Retype the records exactly, with nothing added or dropped.
(Listed entries Opens)
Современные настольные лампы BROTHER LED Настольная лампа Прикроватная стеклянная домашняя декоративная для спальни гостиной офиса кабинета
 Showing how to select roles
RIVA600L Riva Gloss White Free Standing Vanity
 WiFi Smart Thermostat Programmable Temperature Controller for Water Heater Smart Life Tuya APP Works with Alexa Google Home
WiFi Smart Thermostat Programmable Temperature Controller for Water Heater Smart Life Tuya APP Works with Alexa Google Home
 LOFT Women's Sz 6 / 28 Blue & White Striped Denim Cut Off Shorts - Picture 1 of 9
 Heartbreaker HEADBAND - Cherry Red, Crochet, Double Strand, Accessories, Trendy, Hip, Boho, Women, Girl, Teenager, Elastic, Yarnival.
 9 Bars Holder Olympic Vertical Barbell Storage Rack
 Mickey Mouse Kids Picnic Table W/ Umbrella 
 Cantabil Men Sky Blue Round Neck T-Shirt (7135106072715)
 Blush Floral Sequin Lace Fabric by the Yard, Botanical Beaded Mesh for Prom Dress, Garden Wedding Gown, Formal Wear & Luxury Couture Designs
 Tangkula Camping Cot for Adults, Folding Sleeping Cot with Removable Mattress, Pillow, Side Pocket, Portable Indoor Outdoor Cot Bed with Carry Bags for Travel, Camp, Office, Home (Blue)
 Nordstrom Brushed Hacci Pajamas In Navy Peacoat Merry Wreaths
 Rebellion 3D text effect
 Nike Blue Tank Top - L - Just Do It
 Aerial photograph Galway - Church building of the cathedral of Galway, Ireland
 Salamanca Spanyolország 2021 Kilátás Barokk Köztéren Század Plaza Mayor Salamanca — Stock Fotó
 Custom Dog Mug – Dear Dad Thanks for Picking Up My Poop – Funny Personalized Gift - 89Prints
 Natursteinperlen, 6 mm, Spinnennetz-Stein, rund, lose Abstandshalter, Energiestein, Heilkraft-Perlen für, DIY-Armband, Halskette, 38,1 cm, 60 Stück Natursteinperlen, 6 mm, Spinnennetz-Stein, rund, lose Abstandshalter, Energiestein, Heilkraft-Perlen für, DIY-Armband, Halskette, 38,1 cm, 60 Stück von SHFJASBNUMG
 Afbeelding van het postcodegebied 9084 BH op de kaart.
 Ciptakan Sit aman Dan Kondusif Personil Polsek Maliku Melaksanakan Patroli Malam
(Listed entries Closes)
:: Solution for this problem ::
Современные настольные лампы BROTHER LED Настольная лампа Прикроватная стеклянная домашняя декоративная для спальни гостиной офиса кабинета
 Showing how to select roles
RIVA600L Riva Gloss White Free Standing Vanity
 WiFi Smart Thermostat Programmable Temperature Controller for Water Heater Smart Life Tuya APP Works with Alexa Google Home
WiFi Smart Thermostat Programmable Temperature Controller for Water Heater Smart Life Tuya APP Works with Alexa Google Home
 LOFT Women's Sz 6 / 28 Blue & White Striped Denim Cut Off Shorts - Picture 1 of 9
 Heartbreaker HEADBAND - Cherry Red, Crochet, Double Strand, Accessories, Trendy, Hip, Boho, Women, Girl, Teenager, Elastic, Yarnival.
 9 Bars Holder Olympic Vertical Barbell Storage Rack
 Mickey Mouse Kids Picnic Table W/ Umbrella 
 Cantabil Men Sky Blue Round Neck T-Shirt (7135106072715)
 Blush Floral Sequin Lace Fabric by the Yard, Botanical Beaded Mesh for Prom Dress, Garden Wedding Gown, Formal Wear & Luxury Couture Designs
 Tangkula Camping Cot for Adults, Folding Sleeping Cot with Removable Mattress, Pillow, Side Pocket, Portable Indoor Outdoor Cot Bed with Carry Bags for Travel, Camp, Office, Home (Blue)
 Nordstrom Brushed Hacci Pajamas In Navy Peacoat Merry Wreaths
 Rebellion 3D text effect
 Nike Blue Tank Top - L - Just Do It
 Aerial photograph Galway - Church building of the cathedral of Galway, Ireland
 Salamanca Spanyolország 2021 Kilátás Barokk Köztéren Század Plaza Mayor Salamanca — Stock Fotó
 Custom Dog Mug – Dear Dad Thanks for Picking Up My Poop – Funny Personalized Gift - 89Prints
 Natursteinperlen, 6 mm, Spinnennetz-Stein, rund, lose Abstandshalter, Energiestein, Heilkraft-Perlen für, DIY-Armband, Halskette, 38,1 cm, 60 Stück Natursteinperlen, 6 mm, Spinnennetz-Stein, rund, lose Abstandshalter, Energiestein, Heilkraft-Perlen für, DIY-Armband, Halskette, 38,1 cm, 60 Stück von SHFJASBNUMG
 Afbeelding van het postcodegebied 9084 BH op de kaart.
 Ciptakan Sit aman Dan Kondusif Personil Polsek Maliku Melaksanakan Patroli Malam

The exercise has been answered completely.